Lil Wayne drops back in for “Strobe Lights,” in which he observes the obvious (“Forever’s just a word, I put words together”) before Diddy gets back to singing. I give him credit for continuing to try, but his efforts really pale in comparison to Richards and Harper, and he should really just let them handle it.
“Looking For Love” features Usher, who manages to resuscitate Last Train To Paris with his skills, and this is actually a listenable track. It does feel a bit long, but this is really the best Diddy Dirty Money offers on the album. Thanks, Usher.
The odd pairing of Chris Brown and Wiz Khalifa step in for “I Know,” but things don’t bode well for the track when Diddy kicks it off by saying, “I know I f*cked it up.” This is another lost love track, but Diddy thankfully raps for this one, and while the rhythm isn’t overly impressive, at least he drops some semblance of wisdom. Wiz Khalifa shows some versatility and skill, but doesn’t get to contribute enough, as there is too much going on with Chris Brown and the Dirty Money singers.
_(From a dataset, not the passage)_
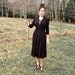 Black Rayon 1940s Dress Medium Size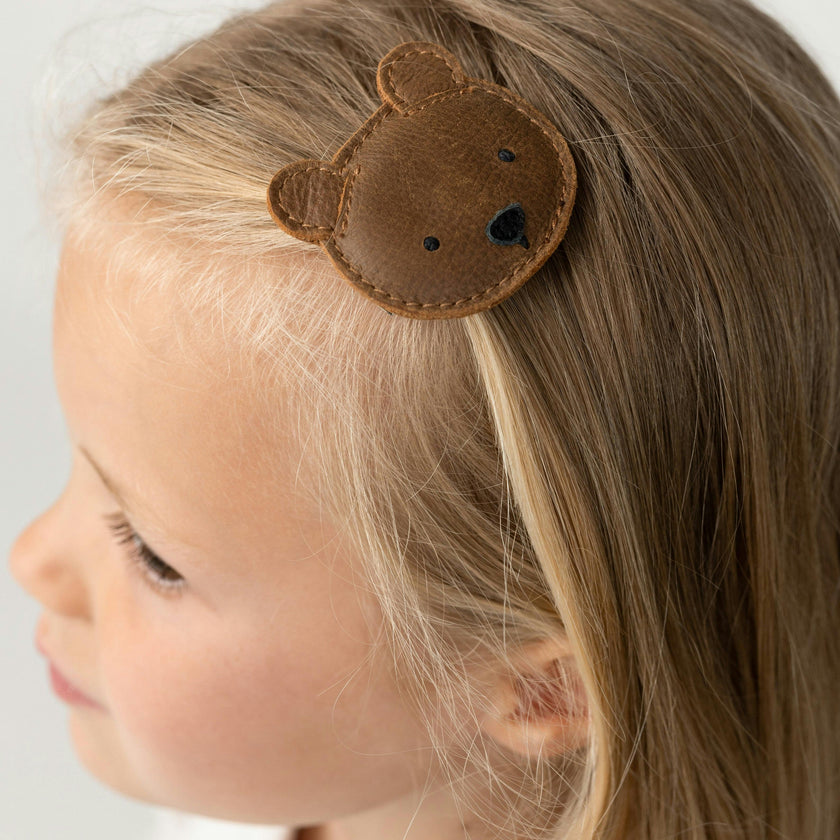 Josy Classic Hairclip | Bear | Cognac Classic Leather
“Loving You No More” is a decent track, as Diddy’s singing actually works for once, and he and the Dirty Money girls connect well for a rare hit on this album. The bonus: Drake drops in for a memorable verse, indicating what all of the guest-laden tracks on Last Train To Paris should have sounded like.
The next track, “Hello Good Morning” features T.I. and has a funky, propulsive beat. T.I.’s is uptempo and full of swagger, which is standard for his rap. T.I. provides the highlight of this track, and Diddy Dirty Money scores two solid songs in a row.
The following track, “Last Night Part 2,” is a definite combo breaker, as the hard-hitting percussion doesn’t mesh with the downtempo, subdued rap-singing. Lyrically, the track is nothing stellar, but it’s not bad either.
Chris Brown returns for “Yesterday,” and his singing sounds a lot smoother given the stilted, unenthusiastic rapping of Diddy. Brown’s lines are well-written and emotional, and he delivers them well, which makes me wish this had been a Chris Brown solo track.
The penultimate track, “Change,” does not have any guests, and Diddy sings with a lot of confidence, and manages to do pretty well for himself. However, it’s hard to take all five minutes of this repetitive track, in which he laments being left on the train, which is something I can relate to, having listened to Last Train To Paris for this long.
“Coming Home” is a musical victory lap, with bright horns and an uptempo beat that marches confidently forward. Skylar Grey provides some solid singing on the choruses, and this is a great way to (sort of) redeem the album.
It’s a good thing that Diddy doesn’t really need to make any money from records at this point, because if he were an unknown artist, this isn’t the type of material that would secure a deal. Diddy Dirty Money – Last Train To Paris did not provide a musical rebellion, but rather a reminder that Diddy should stick to what he does well. Diddy was right when he said this album was vulnerable, but the vulnerable moments all too often sound like sulking, and the guest spots make this train way too crowded, especially when several (Brown, Drake, and T.I.) outshine the main star.